Proudly looking at two certificates displayed on the walls of his chamber in the 120-year-old Collectorate, Mittal says the achievement has placed an onerous responsibility on his office to improve "continually" its service delivery. "The conditions attached to the certification make it very clear that we have to continually improve our service-delivery mechanisms, which is different from continuous improvement. It means there has to be a staircase-like improvement, not just a straight-line improvement," he explains.

For instance, a special drive to dispose of pending files in the Collectorate and its subordinate offices has met with considerable success. In one year from June 2006, the number of pending files in the Collectorate and the offices of the RDOs and Tehsildars has come down from 5,000 to 1,500. Most of the pending files were on litigation, service matters and pension.

But what seems to be a more tangible benefit of the certification-oriented reforms is the opening of a grievance cell and an online petition monitoring system (PMS). The PMS is an extension of what is being implemented in the Chief Minister's Office in Hyderabad.

Of 1,526 petitions received since the introduction of the system, 1,101 have been disposed of. "We have decided to consider a representation or a petition completely disposed of only when it is done online," Mittal explains. He points out that the online system has significantly brought down the number of repeat petitioners, most of whom are applicants for houses or sites under government programmes such as INDIRAMMA (Integrated Novel Development in Rural Areas and Model Municipal Areas), or for pensions.

The Collector says PMS will be introduced in every government office in the district once the State government's broadband network - connecting every mandal - is ready. "We are also thinking of opening a call centre, which can take complaints from anywhere," he says.

A File Management System (FMS) for speedy action on files and for paperless offices was introduced in the A, B and C sections of offices on a trial basis.
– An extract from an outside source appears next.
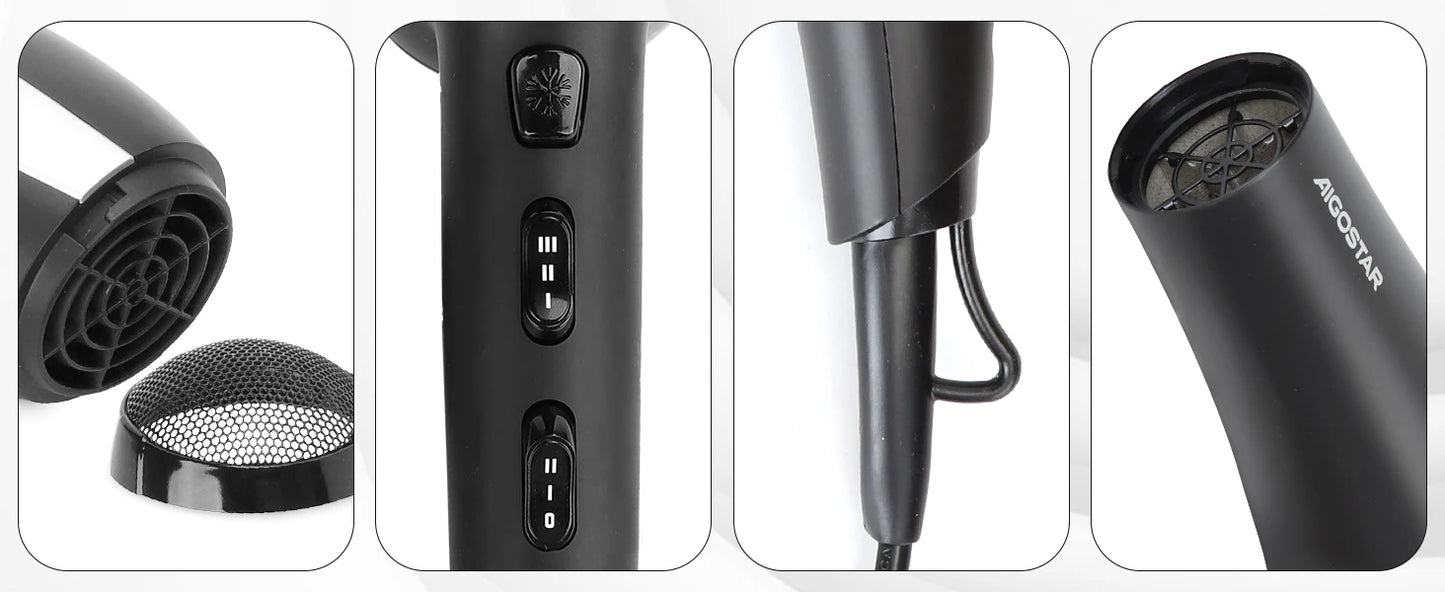 Aigostar Monique 32HIE Professional 2400W Ionic Hair Dryer with 2 Speeds and 3 Temperature Settings - Cold Air Button.Overheat P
A file under FMS moves from a section assistant to the section superintendent, and from there to the District Revenue Officer and to the Joint Collector before reaching the Collector. The staff has been trained to handle FMS.
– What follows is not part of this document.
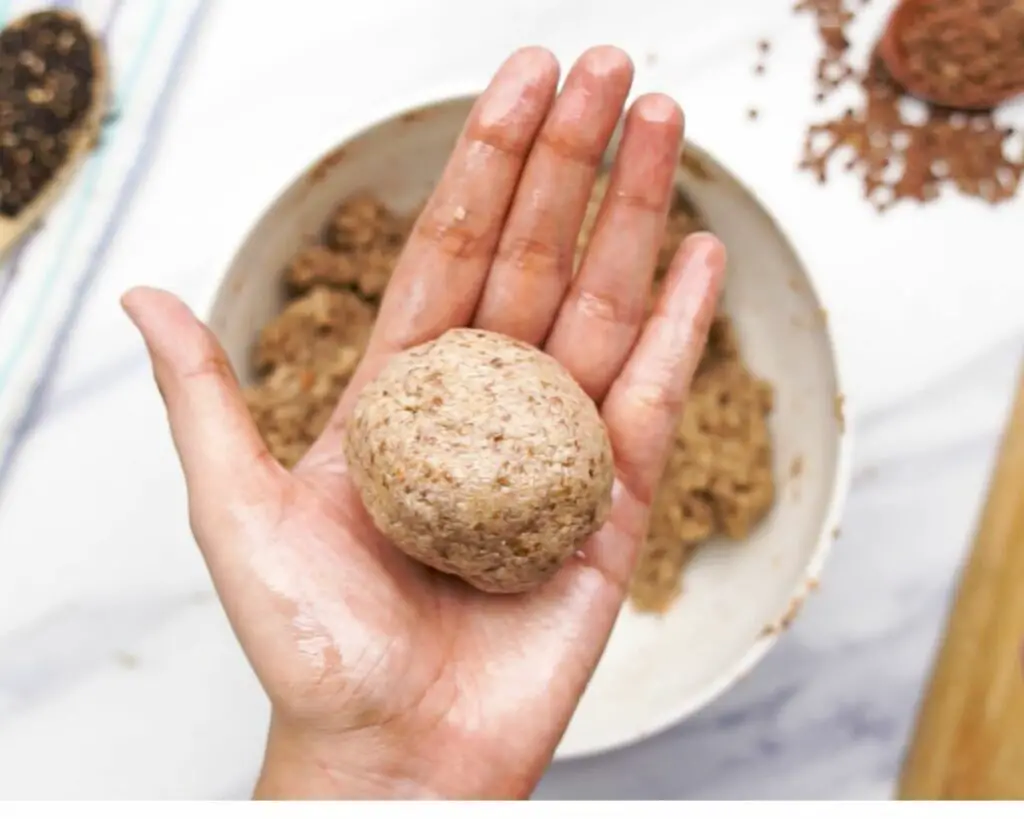 making lentil bread rolls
Also, for the continual improvement of services in the Collectorate, computerisation of administrative processes in all sections has been taken up with the help of Netsmart Technologies Private Limited. A beginning has been made with the C section, which deals with magisterial, and law and order matters.

A team of software professionals is working with the staff of the C section to computerise the processes followed in day-to-day administration. For example, one of the important works dealt with in the section relates to the monitoring of gun licences issued and the granting of new licences.

The module developed by the company enables the staff to know, at the click of a mouse, when a particular licence lapses and how many persons continue to hold guns even after the expiry of licence. For new applications, the process from beginning to end has been computerised to know the status at any juncture without any hassle.

The same kind of computerisation will be taken up in other sections such as establishment, budget/accounts; land revenue and calamity relief; land administration and land related matters; land acquisition; elections; protocol; and other miscellaneous matters. "We hope to complete everything in the next three months," Mittal says. Thus, by equipping them with the required capabilities for service delivery, the consultant engaged by the Collectorate has prepared all the four RDO and 50 Tehsildar offices in the district for ISO certification.